---------- Data to use

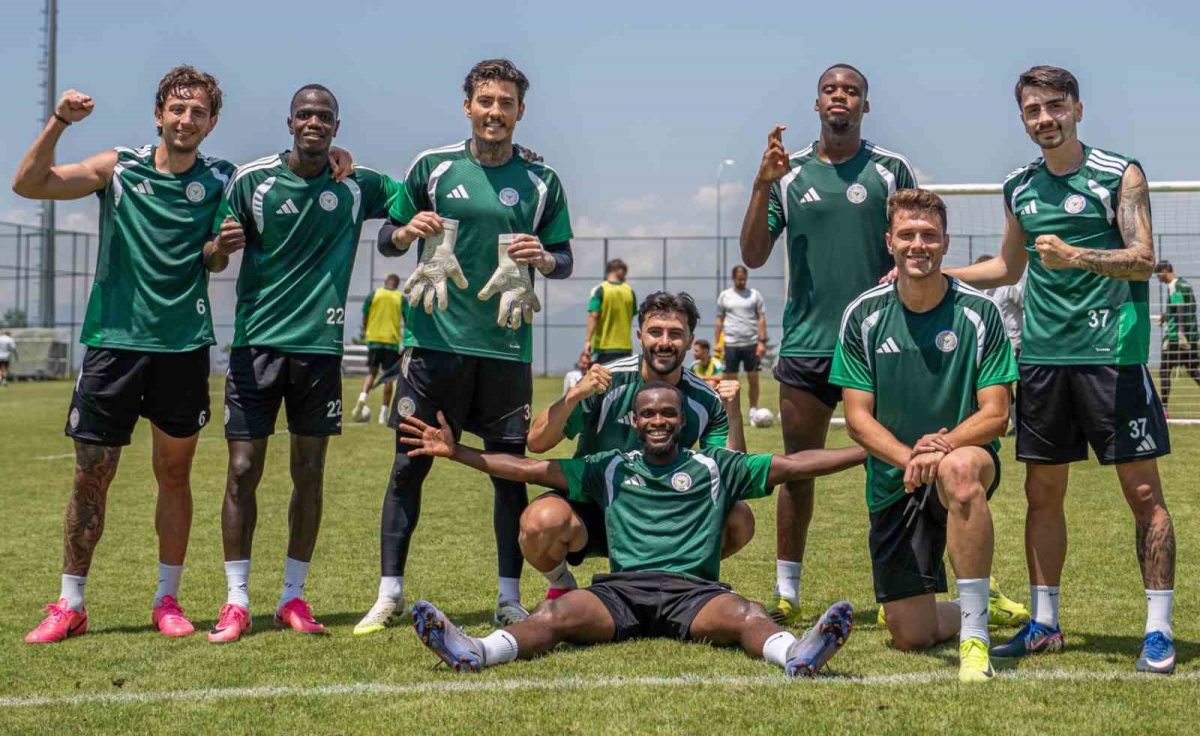 Çaykur Rizespor'un Erzurum Kampı Hazırlık Maçları Netleşti - Foto 3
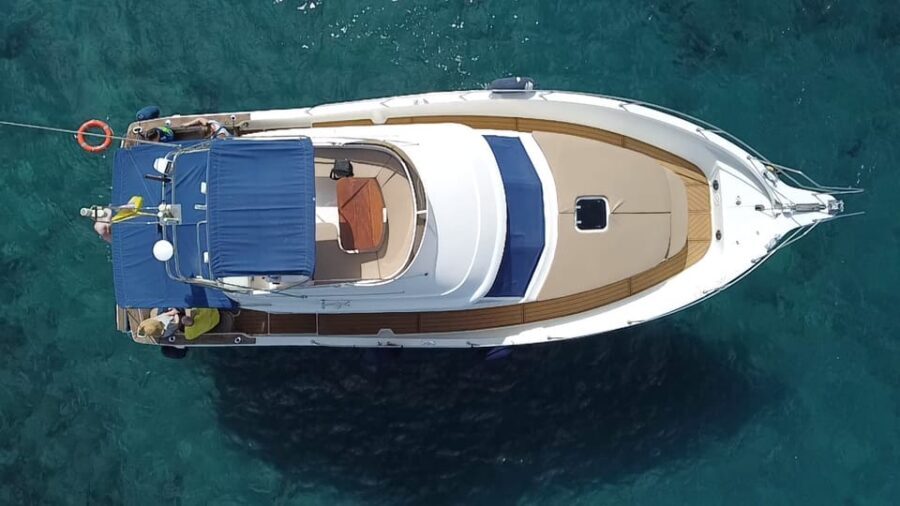 Puerto Colon : Shared/private boat trip with snack & Drinks - Onboard service and language options that actually help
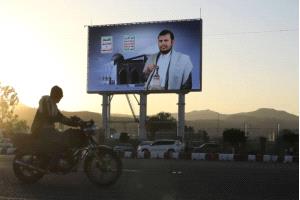 الحوثي يهدد بتوسيع التصعيد الإقليمي ويعلن استمرار الهجمات وسط تقارير عن استعدادات في البحر الأحمر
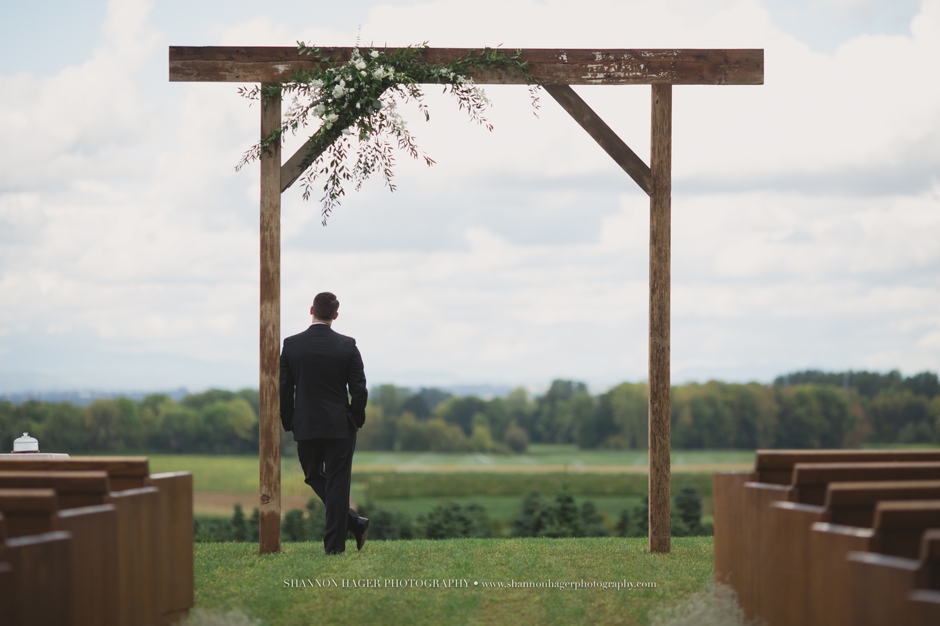 portland wedding photographer, elegant summer farm wedding, shannon hager photography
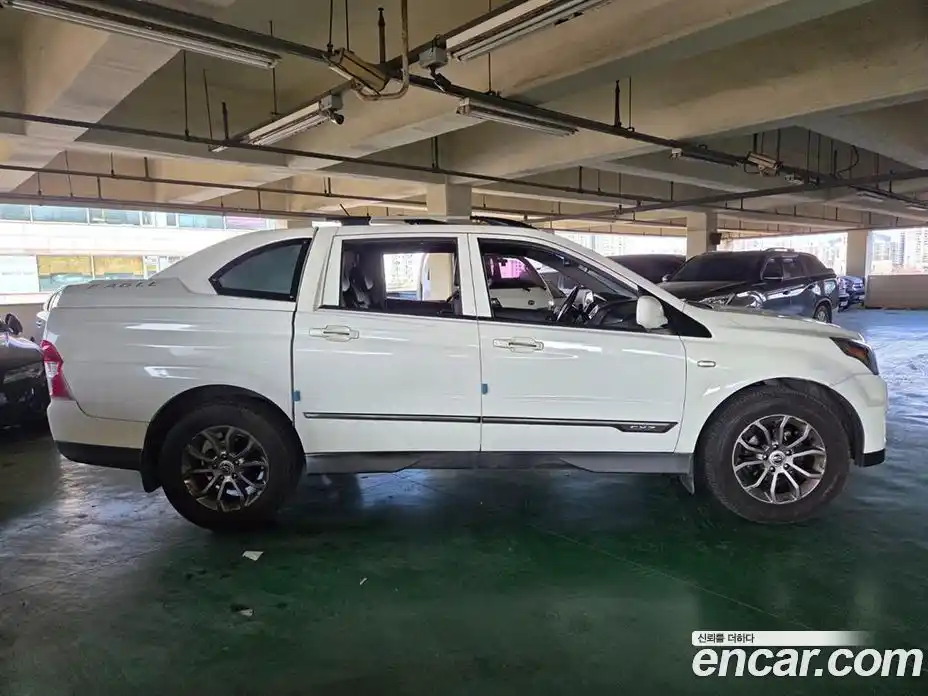 SsangYong Korando 2015 2.0 Автомат в Москве № 491561, фото 5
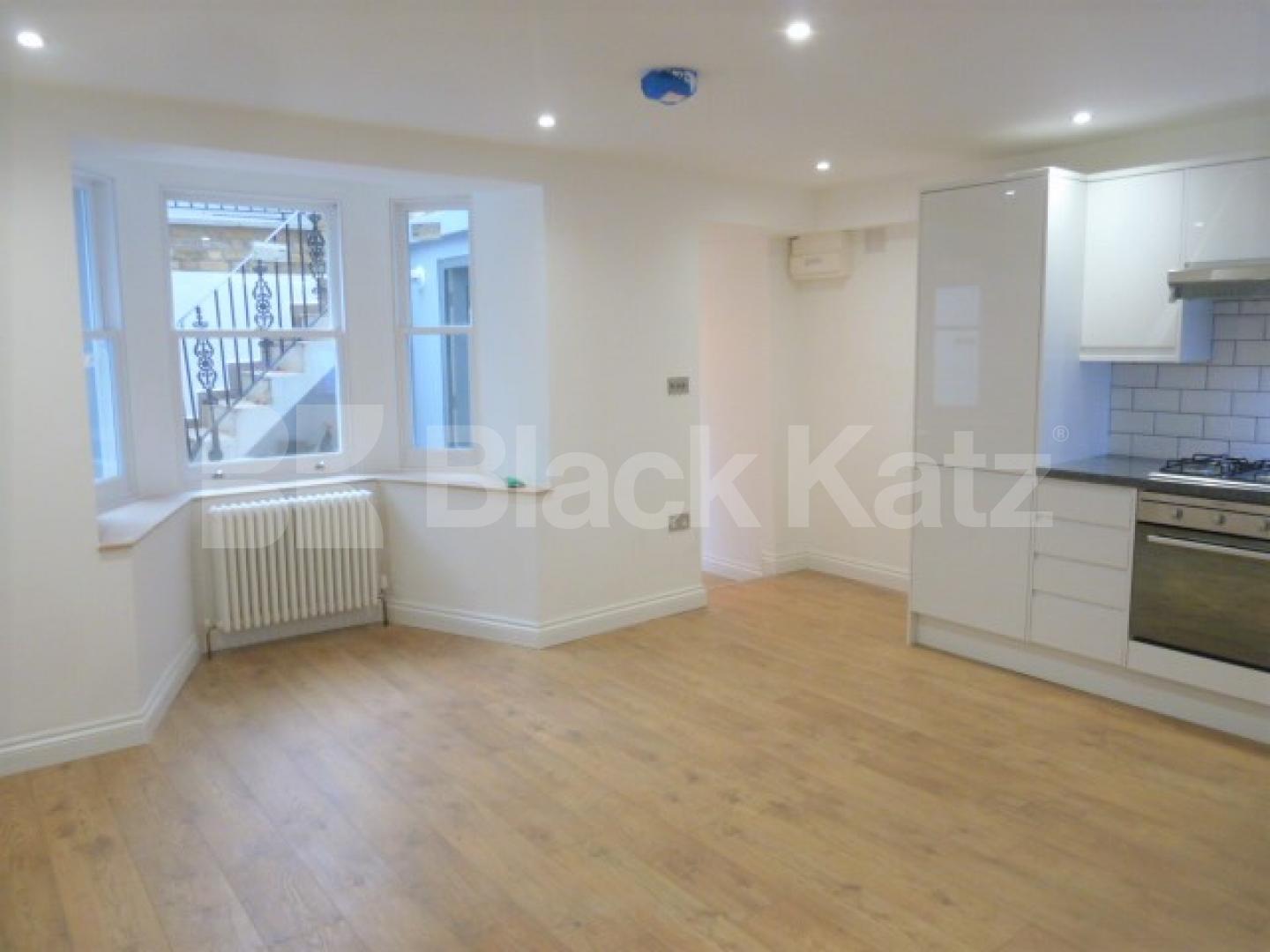 			STUNNING NEWLY REFURBISHED ONE BEDROOM APARTMENT, 1 Bedroom, 1 bath, 1 reception Flat			 Pyrland Road, NEWINGTON GREEN-CANONBURY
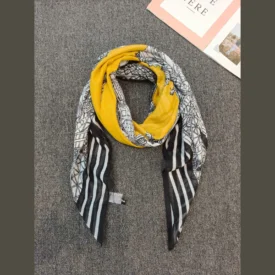 كارل لاجرفيلد وشاح/ سكارف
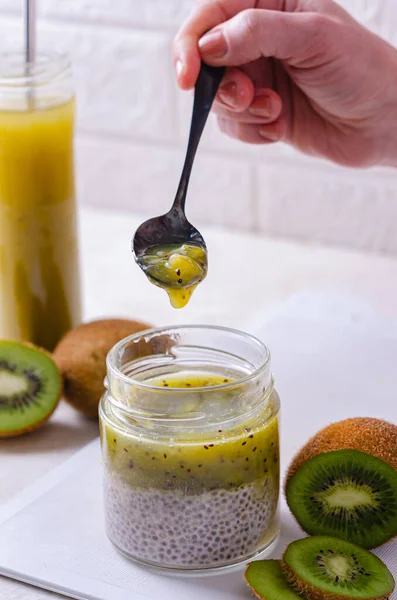 Hausgemachte Leckereien Glas Ein Gesundes Dessert Mit Chia Und Kiwi — Stockfoto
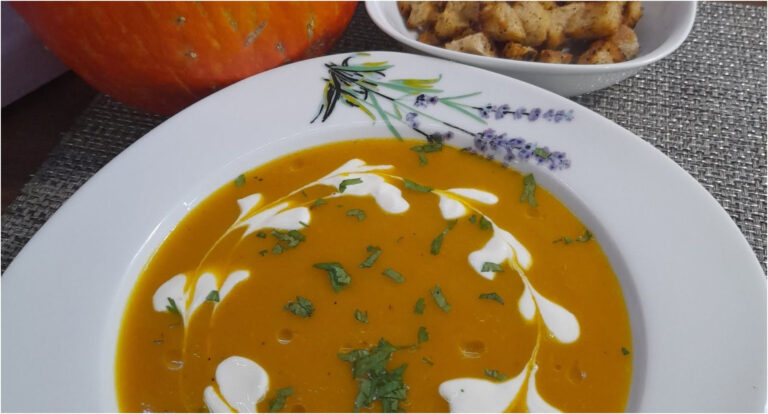 Creamy Pumpkin Soup with Croutons: Smooth, Fragrant, and Easy to Make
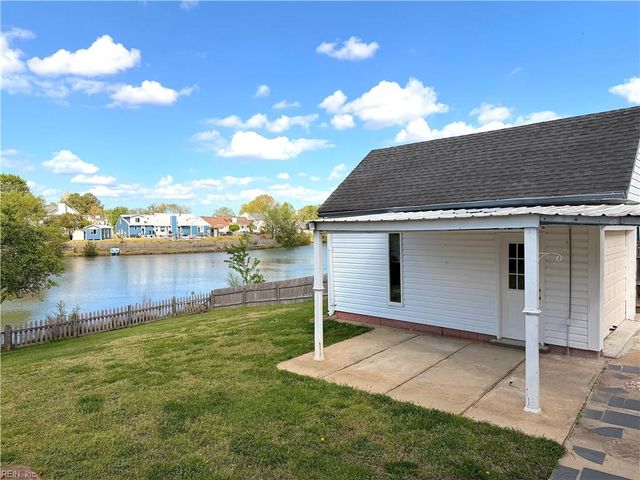 1232 Copper Stone CIR, Chesapeake, VA 23320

--------------------

* Work instruction
Of the entries above, print exactly those lines that run from the one containing "Creamy Pumpkin Soup" through the last line, excluding any pictures.

* Result of this exercise
 Creamy Pumpkin Soup with Croutons: Smooth, Fragrant, and Easy to Make
 1232 Copper Stone CIR, Chesapeake, VA 23320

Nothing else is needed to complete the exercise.